Exercise details → The copy must match the data below line for line and contain no images.
(Data excerpt begins)
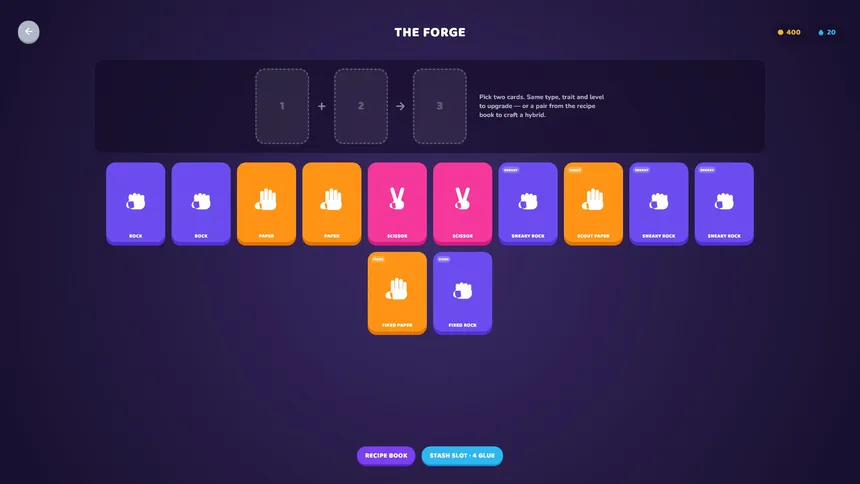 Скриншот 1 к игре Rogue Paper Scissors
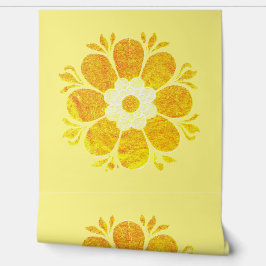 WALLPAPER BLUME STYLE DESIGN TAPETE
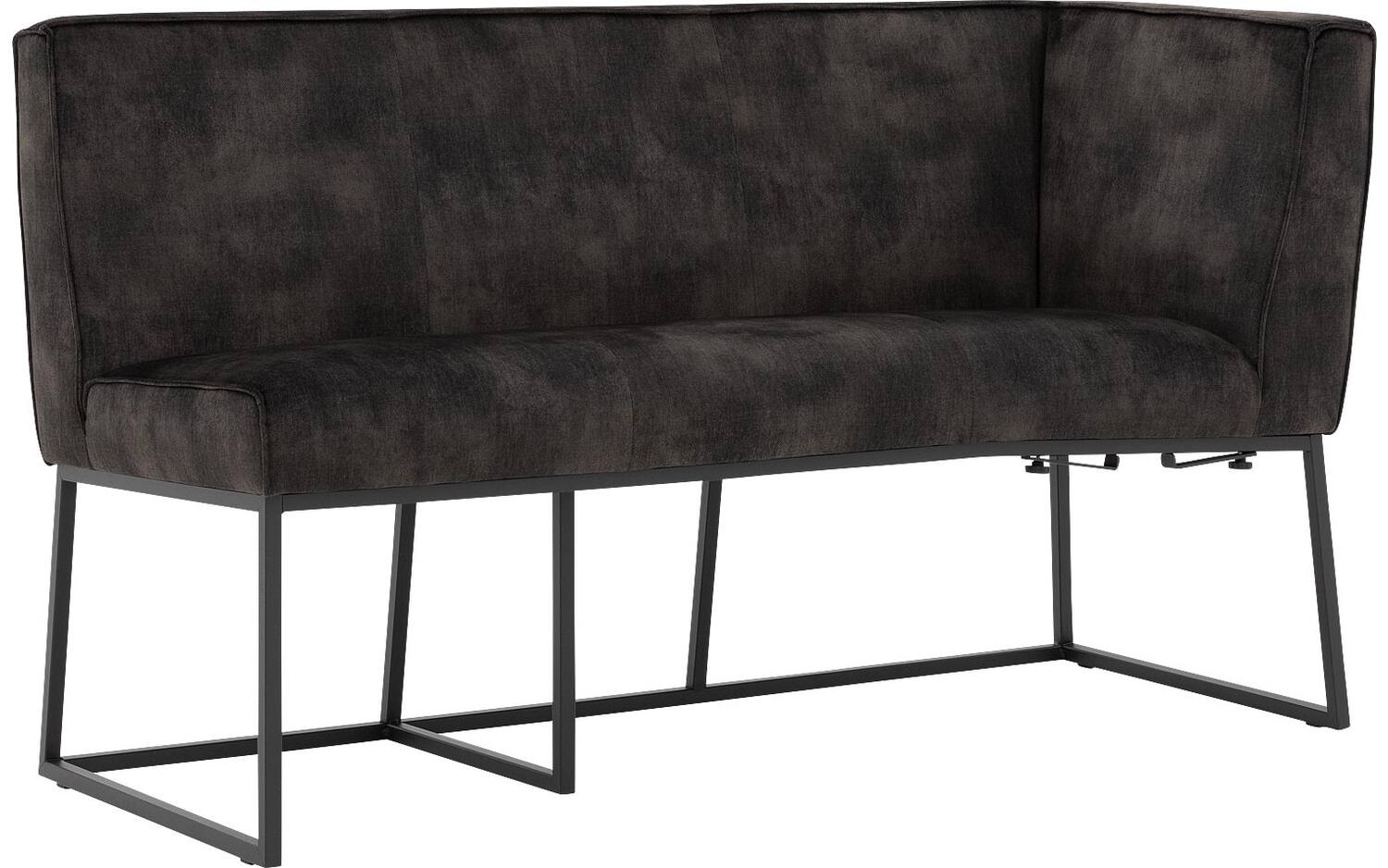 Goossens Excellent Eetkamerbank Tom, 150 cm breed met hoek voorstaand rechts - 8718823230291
(Data excerpt ends)
Written answer →
 Скриншот 1 к игре Rogue Paper Scissors
 WALLPAPER BLUME STYLE DESIGN TAPETE
 Goossens Excellent Eetkamerbank Tom, 150 cm breed met hoek voorstaand rechts - 8718823230291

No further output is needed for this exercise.